Admittedly this only works, in the way depicted above, when you do a 3D scan of the works before covering them up (i.e. it’s only of benefit to future works), such as via proper georeferencing kit, although processing the data through photogrammetry like this to create 3D models can also be done with nothing more than a device capable of capturing high-resolution images or videos.
According to vGIS, the model above was created from the visuals captured with a regular Smartphone (Android or iOS), paired with high-accuracy GNSS (only used for the capture stage). We understand that this approach could potentially also be used alongside GPR (mentioned earlier) and Electromagnetic Detectors to visualise existing infrastructure, where no pre-scans exist, but it wouldn’t be as clear as what you see here.
“The reality mesh is combined with GIS [Geographic Information System] and BIM [Building Information Modelling] information in real-time by the vGIS engine, so in a single unified view, the User sees the reality mesh, GIS and BIM information all at once. The possibilities for damage prevention and productivity improvements are endless,” said vGIS.
Technologies like this, when correctly deployed and operating at a high-accuracy, can help to prevent incidents (i.e. damage to existing infrastructure), although the new AR solutions are no substitute for good old-fashioned common sense. One other danger is the assumption that what you see is all that exists, which may be incorrect if based on an out-of-date scan (this goes back again to that point about common sense).
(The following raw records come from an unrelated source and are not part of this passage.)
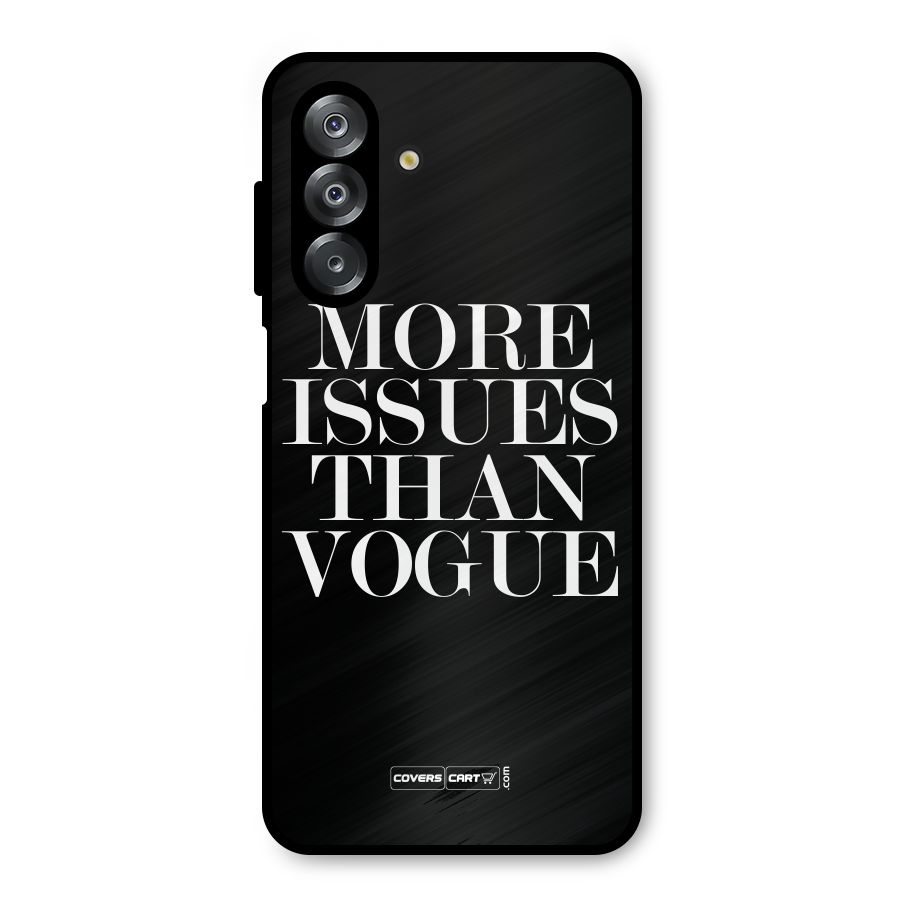 More Issues than Vogue (Black) Metal Back Case for Galaxy A26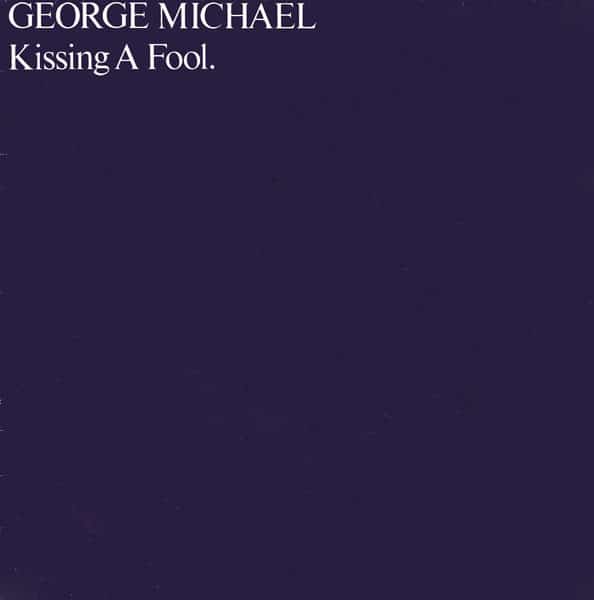 George Michael ‎– Kissing A Fool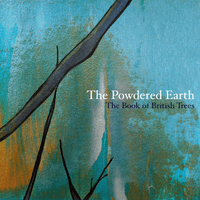 The Book of British Trees - The Powdered Earth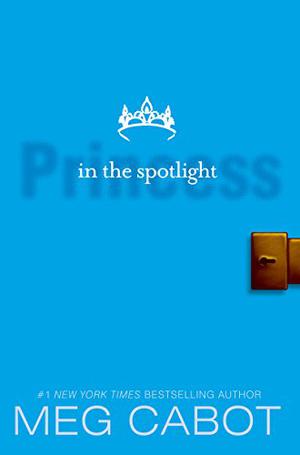 Princess in the Spotlight (The Princess Diaries #2)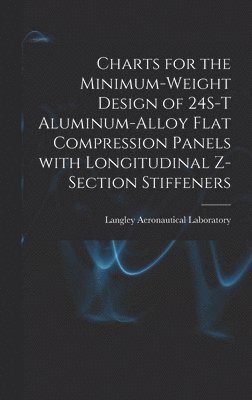 Charts for the Minimum-weight Design of 24S-T Aluminum-alloy Flat Compression Panels With Longitudinal Z-section Stiffeners 1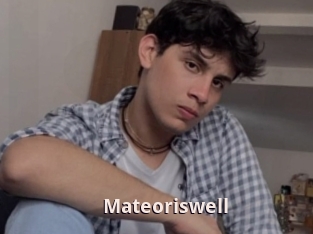 Mateoriswell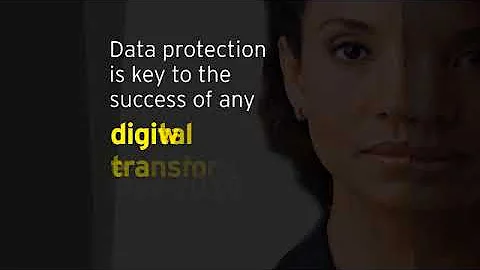 Data protection is the key to the success of any digital transformation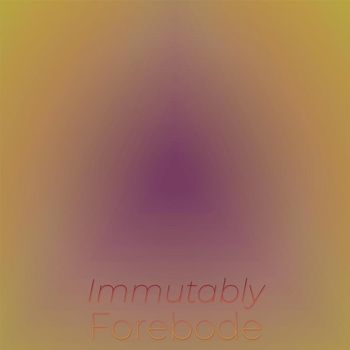 Various Artists - Immutably Forebode
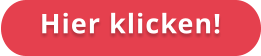 Hier klicken!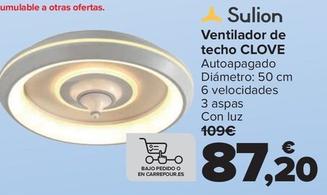 Oferta de Sulion - Ventilador De Techo Clove por 87,2€ en Carrefour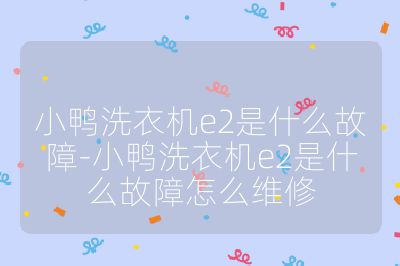 小鸭洗衣机e2是什么故障-小鸭洗衣机e2是什么故障怎么维修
Nevertheless, it’s now possible to imagine a future were an agreed standard and approach could help to facilitate everybody using and sharing such data, while keeping it current with new changes. A lot of mistakes could be solved by taking such an approach, but we’re still a long way from that becoming reality. Still, technologies like this give us a fun glimpse into the much more technologically driven future of street works.
Mark is a professional technology writer, IT consultant and computer engineer from Dorset (England), he also founded ISPreview in 1999 and enjoys analysing the latest telecoms and broadband developments. Find me on X (Twitter), Mastodon, Facebook and Linkedin.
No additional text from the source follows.